На сцене ГАТОБ (Кировским он станет только в 1935-м) Ермолаев танцевал четыре года. Он был неприлично молод – и 21 года не исполнилось, когда его пригласили в Москву, в труппу Большого театра. А чуть раньше в столицу переехала Марина Семёнова. Пожалуй, они первыми проложили дорогу из Ленинграда в Москву, потом туда отправятся Гусев, Лопухов, Вайнонен, Захаров, Лавровский, Григорович, Уланова… А сегодня на сцене Большого театра танцуют выпускницы Вагановского училища Светлана Захарова и Евгения Образцова.
Москва была для Ермолаева новой вершиной, и он, конечно, волновался. В Ленинграде была привычная публика, уже сложился репертуар, а что ждало его в Москве, где в те годы царил Асаф Мессерер? Прежний соперник – неистовый Вахтанг Чабукиани – остался в ГАТОБ, а Большой и Москву надо было завоевывать.
И всё повторилось – на сцену Большого Ермолаев не вошел, а ворвался, сразу же отправив в нокаут столичных балетоманов своими неземными прыжками. Разбег, толчок – и атлетическое тело взлетает на невиданную высоту, и при этом всё наполнено актерским содержанием, смыслом, энергетикой роли.

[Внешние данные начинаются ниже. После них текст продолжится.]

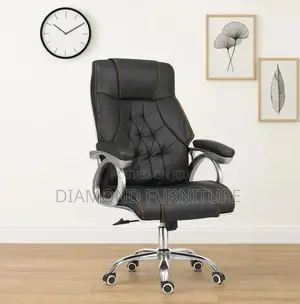 Office Chair; Majesta Highback Office Chair
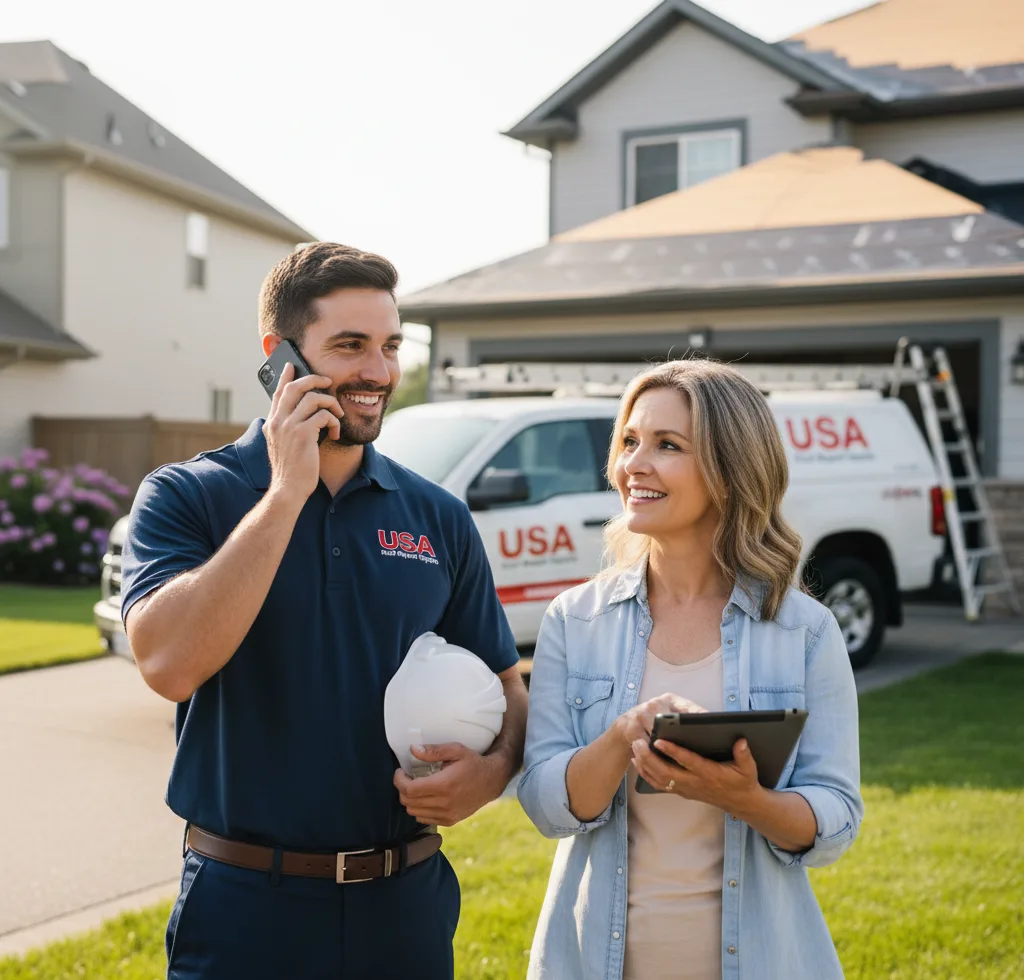 Storm Damage Repair in Haledon, NJ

Его звездной ролью стал роль Филиппа в «Пламени Парижа». Балет в четырех актах и семи картинах на музыку Бориса Асафьева был поставлен в 1932 году в Ленинграде Василием Вайноненом. Искусствоведы любят писать, что это был первый советский балет, а Федор Лопухов в своих воспоминаниях расставил акценты: «“Пламя Парижа” показало Вайнонена оригинальным балетмейстером… В балете много поют, много мимируют, жестикулируют, стоят в массовых мизансценах в картинных позах. Больше всего нового содержит танец четверки марсельцев – героические акценты, почти отсутствующие в старых балетах… Главное – это танцы в образе, и вместе с тем танцы бравурные, блещущие сами по себе… Танец басков, поставленный Вайноненом, верен главному: духу народа и образу спектакля, идее пламени Парижа. Глядя на этот танец, мы верим – именно так плясали баски на темных улицах Парижа конца XVIII века, и огнем революции был охвачен восставший люд». В любом случае, это было необычно, и спектакль перекочевал в Москву. Несмотря на то что партию Филиппа Ермолаев танцевал в очередь с Асафом Мессерером, ленинградец взял реванш – балет принес ему абсолютный успех. Мессерер – виртуознейший танцовщик, но он невысокого роста, а тут на сцену вышел гигант – молодой красавец с горящими глазами, необузданной энергией и ошеломительной техникой. В «Пламени Парижа» Ермолаев достиг высочайшего рубежа в своем творчестве. Па-де-де из этого спектакля, которое часто исполняется на балетных конкурсах, безусловно, несет на себе отпечаток его находок и откровений.